### EXERCISE:
Look through the records below for the line with "4dr S image 1" and the line with "Maximiliano Khalil online", then return those lines and all lines between, exactly.

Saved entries

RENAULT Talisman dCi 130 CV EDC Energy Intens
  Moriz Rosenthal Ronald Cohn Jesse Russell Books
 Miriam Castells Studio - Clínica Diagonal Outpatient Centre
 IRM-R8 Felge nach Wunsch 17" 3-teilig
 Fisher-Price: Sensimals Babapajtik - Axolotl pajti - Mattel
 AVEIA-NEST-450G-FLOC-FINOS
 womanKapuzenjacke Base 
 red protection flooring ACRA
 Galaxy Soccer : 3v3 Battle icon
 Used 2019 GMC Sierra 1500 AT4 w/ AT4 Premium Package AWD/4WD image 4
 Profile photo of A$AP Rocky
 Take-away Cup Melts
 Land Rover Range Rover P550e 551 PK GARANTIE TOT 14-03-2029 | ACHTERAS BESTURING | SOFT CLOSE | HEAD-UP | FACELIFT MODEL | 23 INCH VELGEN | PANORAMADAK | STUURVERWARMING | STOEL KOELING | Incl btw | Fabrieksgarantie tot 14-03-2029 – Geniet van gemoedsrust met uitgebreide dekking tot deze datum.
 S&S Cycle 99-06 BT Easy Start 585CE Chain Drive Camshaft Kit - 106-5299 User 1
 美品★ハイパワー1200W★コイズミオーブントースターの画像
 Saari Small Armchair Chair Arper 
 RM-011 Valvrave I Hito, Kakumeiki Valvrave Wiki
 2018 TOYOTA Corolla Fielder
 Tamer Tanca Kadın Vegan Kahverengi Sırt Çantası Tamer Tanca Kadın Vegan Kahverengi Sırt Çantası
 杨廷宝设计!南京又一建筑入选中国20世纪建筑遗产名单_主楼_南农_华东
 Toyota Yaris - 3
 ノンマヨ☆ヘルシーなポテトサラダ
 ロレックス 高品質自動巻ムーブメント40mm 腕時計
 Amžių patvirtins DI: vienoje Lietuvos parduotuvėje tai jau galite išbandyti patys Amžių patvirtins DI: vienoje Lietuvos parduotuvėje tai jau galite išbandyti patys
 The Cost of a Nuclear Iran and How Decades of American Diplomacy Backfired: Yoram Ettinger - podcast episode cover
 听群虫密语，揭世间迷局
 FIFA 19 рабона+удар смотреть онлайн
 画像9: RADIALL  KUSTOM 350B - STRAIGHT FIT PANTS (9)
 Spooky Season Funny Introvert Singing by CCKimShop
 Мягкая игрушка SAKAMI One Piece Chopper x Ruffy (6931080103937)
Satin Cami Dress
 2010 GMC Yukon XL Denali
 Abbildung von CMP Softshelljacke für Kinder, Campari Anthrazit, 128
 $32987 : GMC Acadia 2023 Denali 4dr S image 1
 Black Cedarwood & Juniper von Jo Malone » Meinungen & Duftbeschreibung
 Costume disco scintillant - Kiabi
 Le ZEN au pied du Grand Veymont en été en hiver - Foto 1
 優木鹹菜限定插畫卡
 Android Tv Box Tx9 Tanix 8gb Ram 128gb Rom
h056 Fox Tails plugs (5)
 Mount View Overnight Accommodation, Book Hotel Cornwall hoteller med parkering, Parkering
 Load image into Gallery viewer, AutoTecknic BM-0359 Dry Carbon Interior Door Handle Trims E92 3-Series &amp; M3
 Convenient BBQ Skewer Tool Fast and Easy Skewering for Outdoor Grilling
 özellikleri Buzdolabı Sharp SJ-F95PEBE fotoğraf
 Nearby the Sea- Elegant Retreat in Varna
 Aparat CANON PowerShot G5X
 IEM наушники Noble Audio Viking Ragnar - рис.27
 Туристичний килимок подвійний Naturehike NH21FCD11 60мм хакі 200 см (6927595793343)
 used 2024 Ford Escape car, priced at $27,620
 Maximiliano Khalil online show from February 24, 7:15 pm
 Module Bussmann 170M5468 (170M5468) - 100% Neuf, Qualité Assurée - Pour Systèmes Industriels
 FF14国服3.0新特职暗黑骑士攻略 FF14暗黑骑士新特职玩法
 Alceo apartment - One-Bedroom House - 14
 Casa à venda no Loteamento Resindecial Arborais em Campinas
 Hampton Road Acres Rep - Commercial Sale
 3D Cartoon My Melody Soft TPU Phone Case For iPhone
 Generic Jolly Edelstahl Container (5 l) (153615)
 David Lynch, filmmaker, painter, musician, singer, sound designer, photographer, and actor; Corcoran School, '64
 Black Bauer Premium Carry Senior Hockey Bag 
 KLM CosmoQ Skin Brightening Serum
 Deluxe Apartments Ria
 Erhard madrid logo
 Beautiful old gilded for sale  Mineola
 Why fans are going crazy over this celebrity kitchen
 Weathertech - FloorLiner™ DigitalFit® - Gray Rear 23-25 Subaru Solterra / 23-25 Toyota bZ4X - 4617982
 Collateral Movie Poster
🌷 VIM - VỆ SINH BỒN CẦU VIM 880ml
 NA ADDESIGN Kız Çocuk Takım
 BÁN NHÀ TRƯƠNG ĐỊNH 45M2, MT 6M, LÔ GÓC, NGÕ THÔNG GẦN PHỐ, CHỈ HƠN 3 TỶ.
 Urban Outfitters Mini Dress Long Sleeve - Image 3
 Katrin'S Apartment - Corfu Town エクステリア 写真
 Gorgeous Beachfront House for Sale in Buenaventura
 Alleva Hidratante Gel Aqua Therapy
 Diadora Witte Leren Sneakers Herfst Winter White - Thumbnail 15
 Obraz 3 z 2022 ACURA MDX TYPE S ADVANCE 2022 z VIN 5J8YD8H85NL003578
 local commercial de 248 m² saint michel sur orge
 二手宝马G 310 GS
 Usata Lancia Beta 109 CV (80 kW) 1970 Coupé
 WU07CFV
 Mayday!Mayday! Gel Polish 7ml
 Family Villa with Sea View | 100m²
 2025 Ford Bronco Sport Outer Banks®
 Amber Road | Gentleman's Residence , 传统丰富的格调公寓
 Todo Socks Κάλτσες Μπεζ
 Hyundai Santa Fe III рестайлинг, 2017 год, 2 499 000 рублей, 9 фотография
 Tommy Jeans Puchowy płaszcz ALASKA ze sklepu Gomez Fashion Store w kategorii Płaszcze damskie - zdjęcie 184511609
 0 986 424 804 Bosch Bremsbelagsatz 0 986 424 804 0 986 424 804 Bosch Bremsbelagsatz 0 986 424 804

### RESPONSE AREA:
 $32987 : GMC Acadia 2023 Denali 4dr S image 1
 Black Cedarwood & Juniper von Jo Malone » Meinungen & Duftbeschreibung
 Costume disco scintillant - Kiabi
 Le ZEN au pied du Grand Veymont en été en hiver - Foto 1
 優木鹹菜限定插畫卡
 Android Tv Box Tx9 Tanix 8gb Ram 128gb Rom
h056 Fox Tails plugs (5)
 Mount View Overnight Accommodation, Book Hotel Cornwall hoteller med parkering, Parkering
 Load image into Gallery viewer, AutoTecknic BM-0359 Dry Carbon Interior Door Handle Trims E92 3-Series &amp; M3
 Convenient BBQ Skewer Tool Fast and Easy Skewering for Outdoor Grilling
 özellikleri Buzdolabı Sharp SJ-F95PEBE fotoğraf
 Nearby the Sea- Elegant Retreat in Varna
 Aparat CANON PowerShot G5X
 IEM наушники Noble Audio Viking Ragnar - рис.27
 Туристичний килимок подвійний Naturehike NH21FCD11 60мм хакі 200 см (6927595793343)
 used 2024 Ford Escape car, priced at $27,620
 Maximiliano Khalil online show from February 24, 7:15 pm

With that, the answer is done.